Discussions on exclusion and discrimination based on caste speak of the operation of stigma, where caste stigma works through institutional structures to exclude people belonging to lower castes from entitlements and status, as well as within educational institutions. The stigma of untouchability thus reduces opportunities for advancement and continues the alienation of self, despite legal guarantees and mechanisms for equity. It is the experience of relations of labour, as evidenced both within caste-based labours and the location of dalit people in other situations, that bring to light the continued structural operation of the stigma of untouchability.

Kavita Chowdhury, taking the link between caste and labour further, looks at the prevalence of child labourers in Bihar and how it affects their economic prospects. According to the 2011 Census, Chowdhury notes, a staggering 51% of SCs and 56% of STs live below the poverty line in the state. Their economic and social well-being is further deprived due to the notions of impurity and untouchability in the state, which complicate their everyday interactions not just with upper castes, but also with non-SC/ST communities. This is particularly so for children from these communities, who have to face caste discrimination not only at school (leading to a high dropout rate), but also in employment.

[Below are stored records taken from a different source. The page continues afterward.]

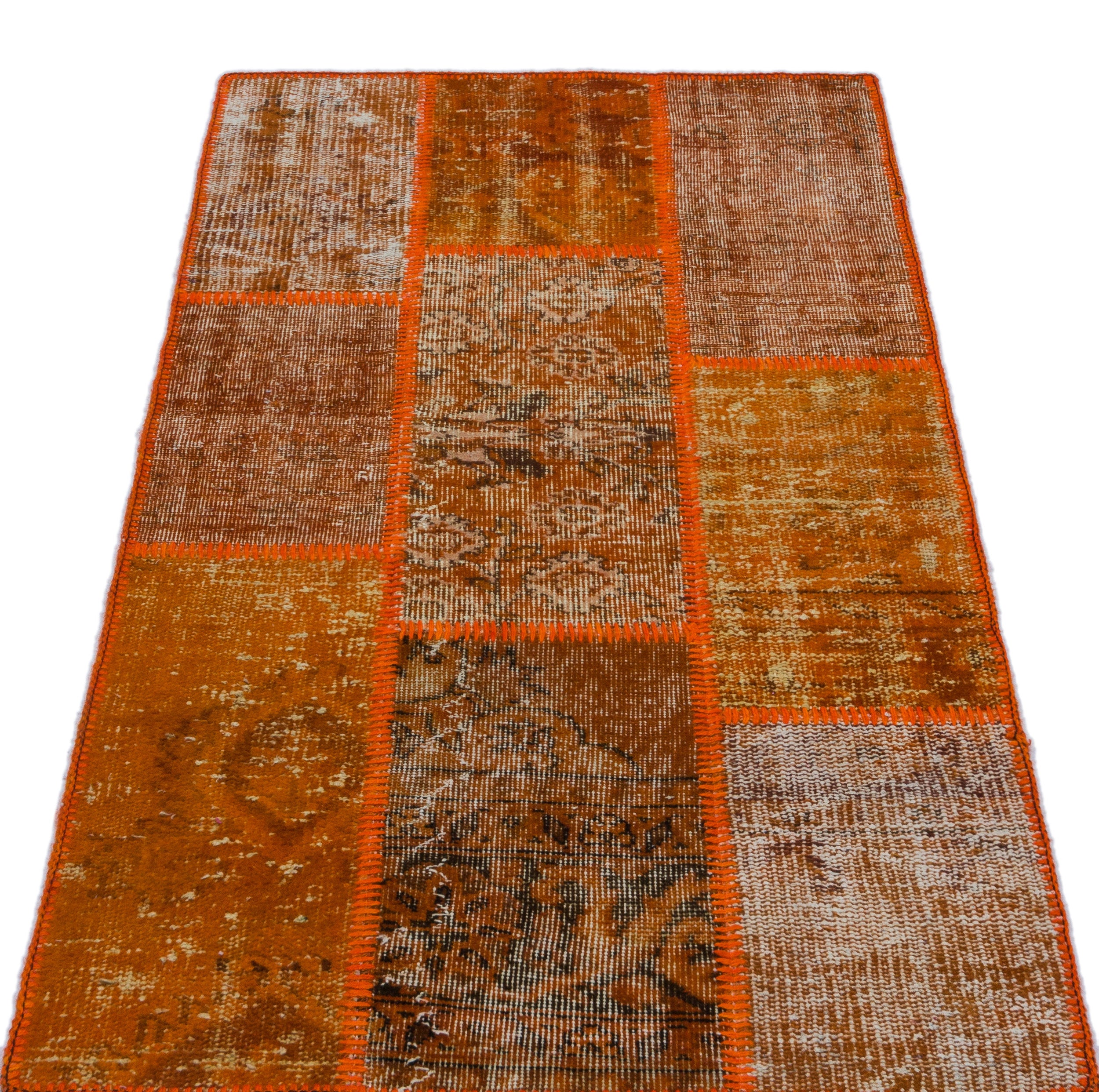 Orange Over Dyed Patchwork Unique Rug 2'7'' x 4'11'' ft 80 x 150 cm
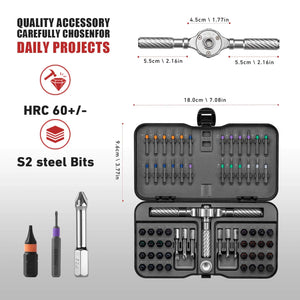 Precision 24/40/66In1 Magnetic Ratchet Screwdriver Set Detachable T - Handle Magneticizer Fix Furniture, Electronics & Glasses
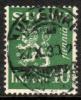 Finland 1930 - Coat of arms lion type m30 40p blue green - Helsinki 27.X.30 21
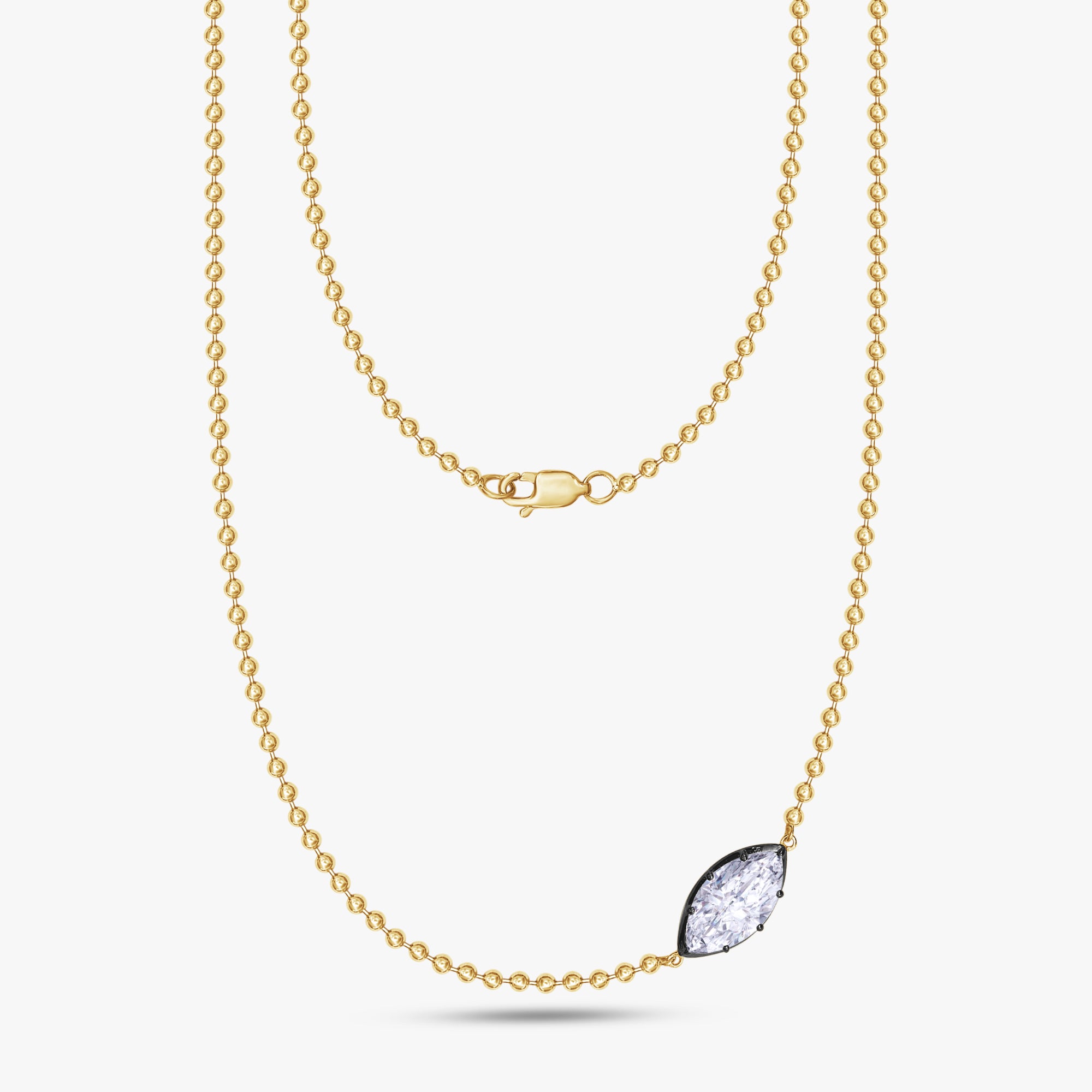 3.00 Carat Marquise Shape Lab Grown Diamond Solitaire Pendant Necklace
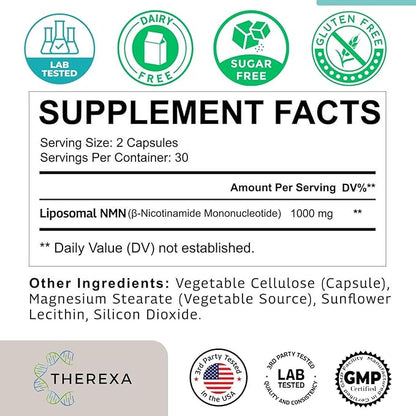 NMN Supplement 1000mg Pure - Liposomal NMN for NAD+ Supplement, Tested in USA, 60 Capsules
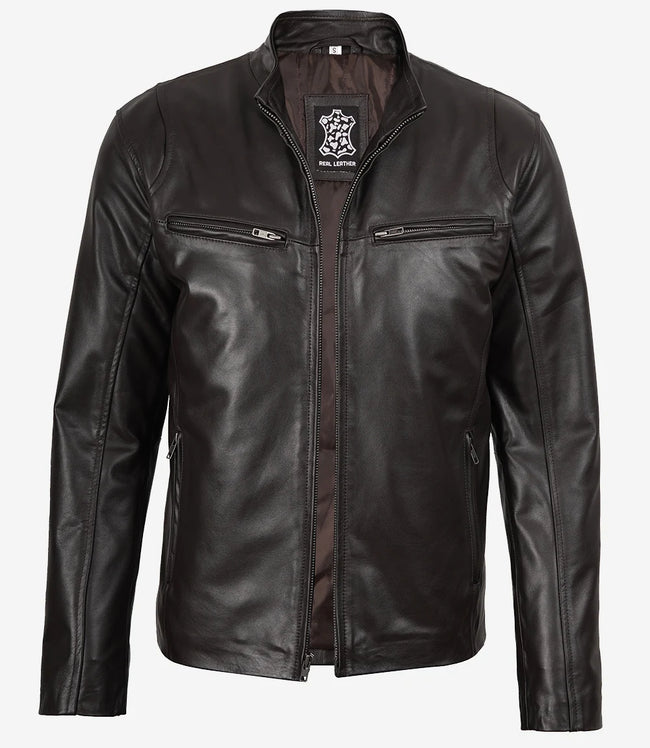 Klassische dunkelbraune Lederjacke im Biker-Stil für Herren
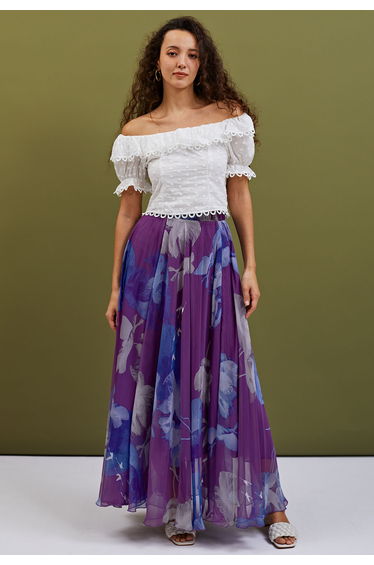 Purple Passion Floral Chiffon Maxi Skirt
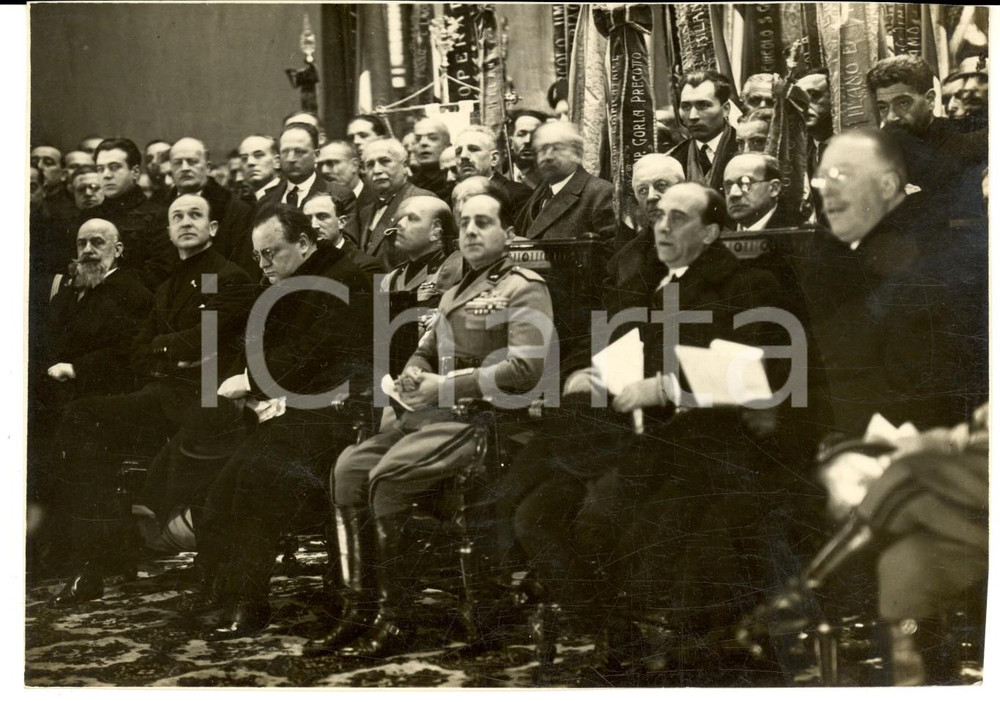 Fotografia d epoca originale 1929 MILANO Achille STARACE e Arnaldo MUSSOLINI  Premiazione delle cooperative 1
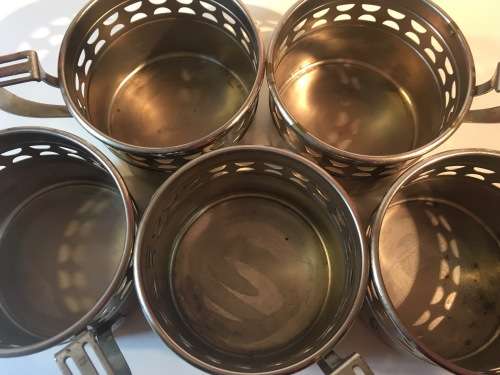 A SET OF x 6  WMF ART NOUVEAU TEA CUP LINERS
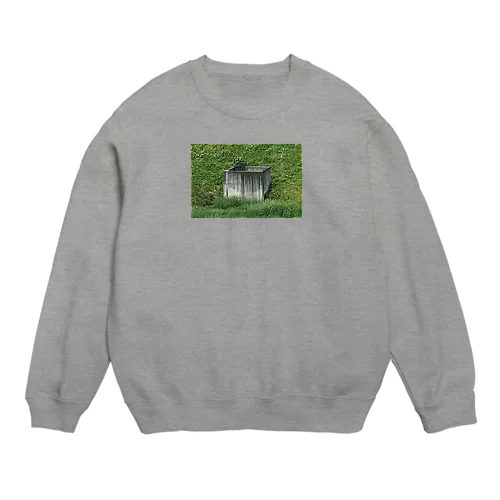 謎のコンクリート建造物と生い茂る植物 Crew Neck Sweatshirt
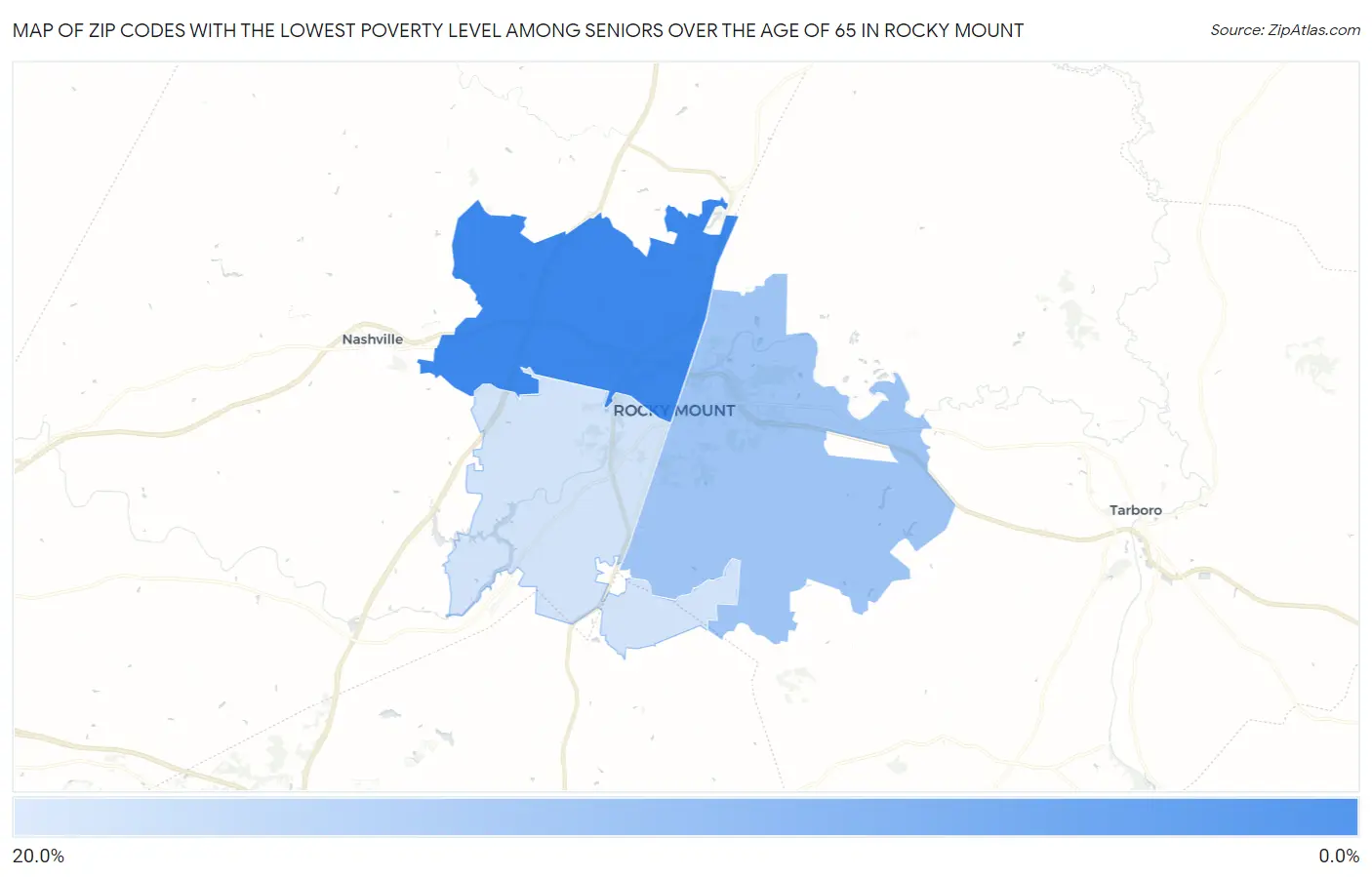 Zip Codes with the Lowest Poverty Level Among Seniors Over the Age of 65 in Rocky Mount Map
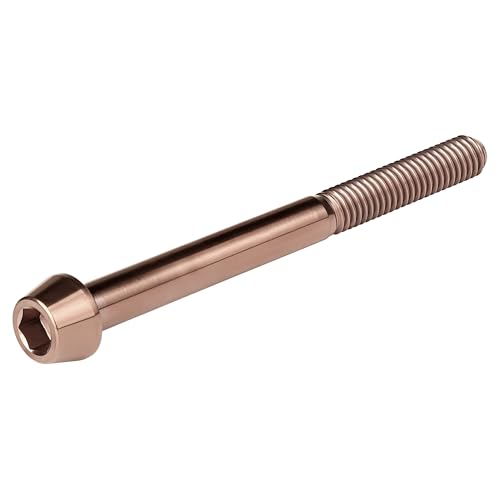 Image of Titanium Ti Bolt M5x9 16 18 20 25 30 35 40 45 50 55 60mm Tapered Head Screws Pack of 4 (M5x60mm, Bronze)
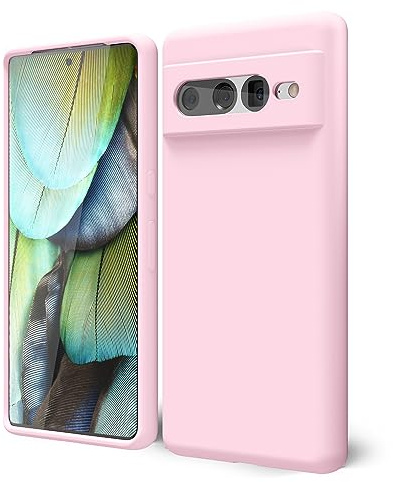 oakxco for Google Pixel 7 Pro Phone Case Liquid Silicone, Thin Slim Soft Rubber TPU Plain Smooth Gel Cover for Women Girl Aesthetic Design, Matte Solid Protective & Shockproof Bumper, Rose Light Pink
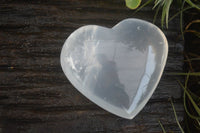 Polished Girasol Pearl & Clear Quartz Gemstone Hearts  x 6 From Madagascar - Toprock Gemstones and Minerals 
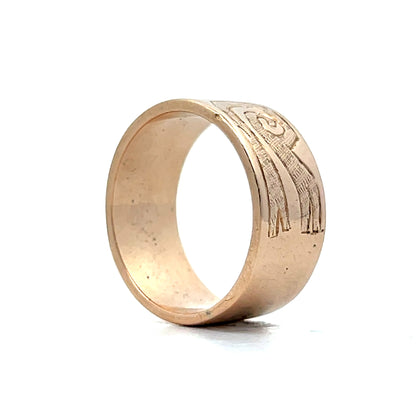 8mm Love Bird Wedding Band in 18k Rose Gold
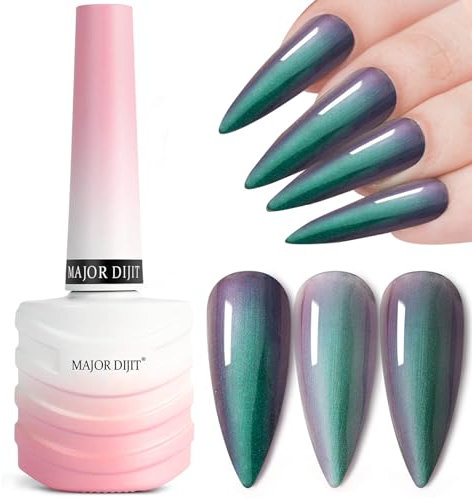 Chameleon Gel Nail Polish - Holographic Gel Nail Varnish - Glitter UV Gel Nail Polish - Magic Green Laser Effect Chrome Nail Gel Polish for Home Soak-off DIY Manicure Nail Art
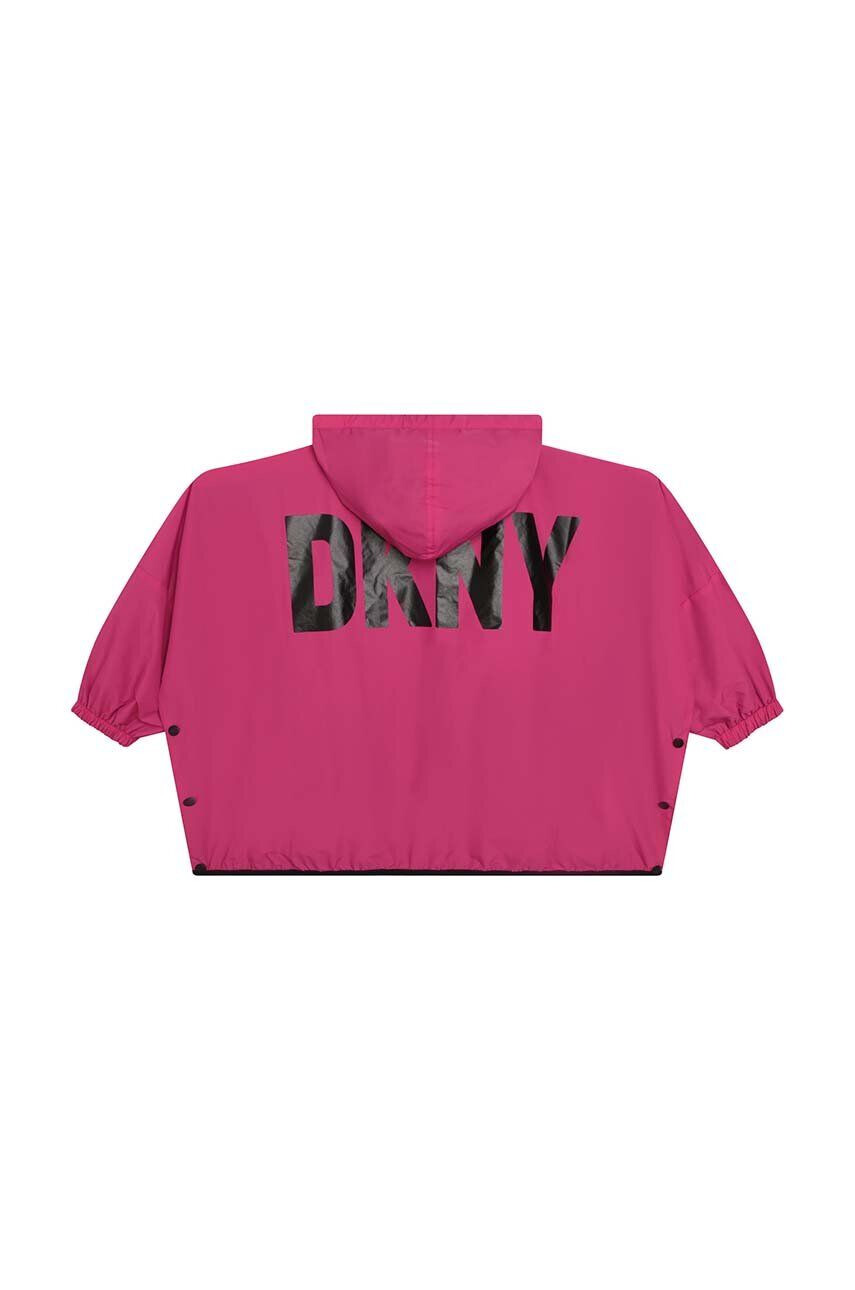 DKNY bluza cu două fețe copii culoarea negru cu glugă cu imprimeu - Pled.ro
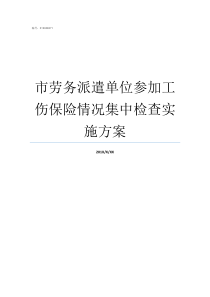 市劳务派遣单位参加工伤保险情况集中检查实施方案接受劳务派遣的用工单位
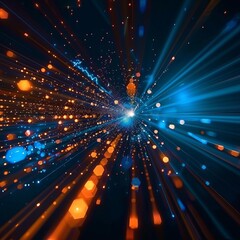 Wall Mural - Abstract background of blue and orange light rays with a digital data stream in the center. The background shows streaks and lines moving fast in the style of digital technology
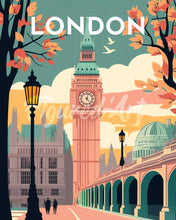 Cargar imagen en el visor de la galería, Diamond Painting - Diamond Painting - Póster de viaje Londres 2 40x50cm con bastidor montado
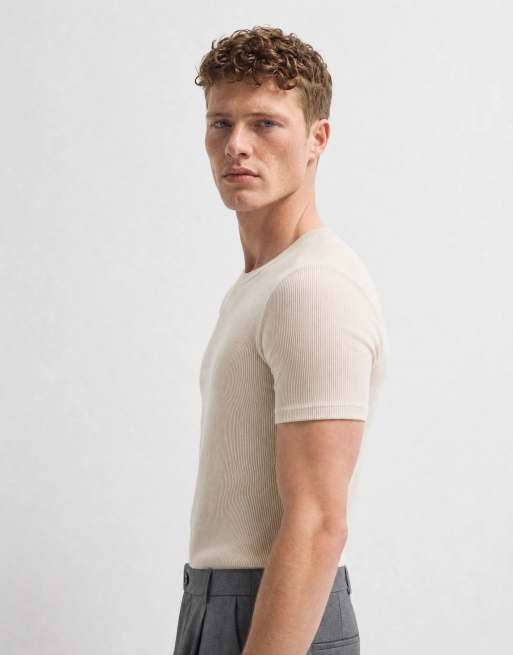ASOS DESIGN - T-shirt moulant basique en tissu côtelé - Beige, 9 de 10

When pushed into working in these caste-based occupations, the discrimination faced by the marginalised children is of unimaginable proportion. Children of the Dom community, who traditionally cremate the dead, are not allowed to work in agriculture. As an unwritten rule, children of the Dom, Valmiki, and poorer Muslim communities are forced to work only as ragpickers. Children from the Musahar community, now recognised as Mahadalits, are never employed in houses as domestic helps. If they ever manage to work in roadside dhabas (food joints), they hide their caste. The stigma is due to the perceived belief of the non-SC employers that the presence of the marginalised could "contaminate" their surroundings.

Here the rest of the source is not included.